Certains enfants peuvent présenter des difficultés de développement du langage, ce qui peut avoir des répercussions sur leur vie quotidienne et leur réussite scolaire. À partir de quand faut-il s’inquiéter ? Vers qui se tourner ?

Si vous observez certains des signes indiqués ici, il est conseillé d’utiliser un test de repérage. Il est également conseillé de consulter un orthophoniste. Parlez-en aux parents afin qu’ils demandent l’avis de leur médecin, et se procurent, suivant ses recommandations, une prescription médicale pour un bilan orthophonique de la communication et du langage oral.

Il existe quelques facteurs prédictifs de troubles du langage à partir de cet âge.

  • L’enfant ne parvient pas à combiner deux mots. Par exemple, il ne produit pas de petites phrases courtes comme « papa parti » pour « papa est parti ».
  • Il semble avoir des difficultés à vous comprendre ou à comprendre ses proches.
  • Il n’utilise pas de geste pour communiquer et il n’imite pas les mouvements corporels.
  • Par ailleurs, l’enfant a plus de difficulté que les autres enfants de son âge à répéter des mots qu'il ne connaît pas ou des pseudo-mots, surtout lorsqu'ils sont longs. Les pseudo-mots sont des mots qui n'existent pas, mais dont la structure ressemble à celle de mots existants dans la langue, par exemple « capi » ou « ratou ».

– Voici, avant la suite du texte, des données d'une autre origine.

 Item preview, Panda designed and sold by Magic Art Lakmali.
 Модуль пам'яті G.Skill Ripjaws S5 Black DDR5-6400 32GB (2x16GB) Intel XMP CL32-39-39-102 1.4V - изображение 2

Soyez vigilant en particulier s’il existe des antécédents de problèmes de langage ou d’autres troubles dans la famille, par exemple la dyslexie-dysorthographie, les troubles du spectre de l’autisme, les troubles envahissants du développement, l’épilepsie, etc. Ce sont des facteurs de risque de trouble du langage chez les jeunes enfants.

La présence fréquente d’otites séro-muqueuses est un facteur aggravant les troubles du langage chez le jeune enfant. Dans ce cas, il est conseillé de vérifier son audition auprès d’un ORL.

L’enfant risque de présenter un trouble du langage sévère s’il fait preuve de difficultés d’ordre linguistique.

 

  1. Au niveau phonologique

L’enfant semble avoir des difficultés de perception phonologique. Il a des difficultés réceptives en phonologie, ce qui signifie qu’il a des difficultés à traiter les sons de la parole.

  • Ces difficultés peuvent être objectivées par des tâches de discrimination phonologique. Par exemple, lorsqu’on lui demande « "comme" et "gomme", est-ce que c’est pareil ou pas pareil ? », il répond « pareil ». Il est à noter que ces tâches sont parfois difficiles à mettre en œuvre chez les patients les plus jeunes.
  • Ces difficultés peuvent également être objectivées par des tâches de jugement phonologique. Par exemple, lorsqu’on présente l’image d’une gomme et qu’on demande à l’enfant s’il s’agit du mot « comme », il répond « oui, c’est correct ».

L’enfant semble avoir des difficultés phonologiques lorsqu’il s’exprime à l’oral.

  • Son répertoire de phonèmes, c’est-à-dire de sons qu’il peut prononcer de manière isolée, est incomplet.
  • Il n’est pas ou peu intelligible.
  • Il déforme les mots. Par exemple, il oublie une partie du mot, ou il remplace les sons dans les mots.
  • Il ne fait pas toujours les mêmes erreurs et peut produire le même mot de différentes manières. Par exemple, il peut dire « papin », « pinpin, « palin » pour « lapin ».
  • Ses erreurs ne ressemblent pas à celles des autres enfants.
  • Il a plus de difficulté que les enfants de son âge à répéter des mots qu'il ne connaît pas ou des pseudo-mots, surtout lorsqu'ils sont longs. Les pseudo-mots sont des mots qui n'existent pas, mais dont la structure ressemble à celle de mots existants dans la langue, par exemple « capi » ou « rativor ».

 

       2. Au niveau lexico-sémantique

L’enfant semble avoir des difficultés à comprendre des mots.

 

       3. Au niveau morphosyntaxique

L’enfant semble avoir des difficultés de compréhension morphosyntaxique. Autrement dit, il ne comprend pas bien les phrases.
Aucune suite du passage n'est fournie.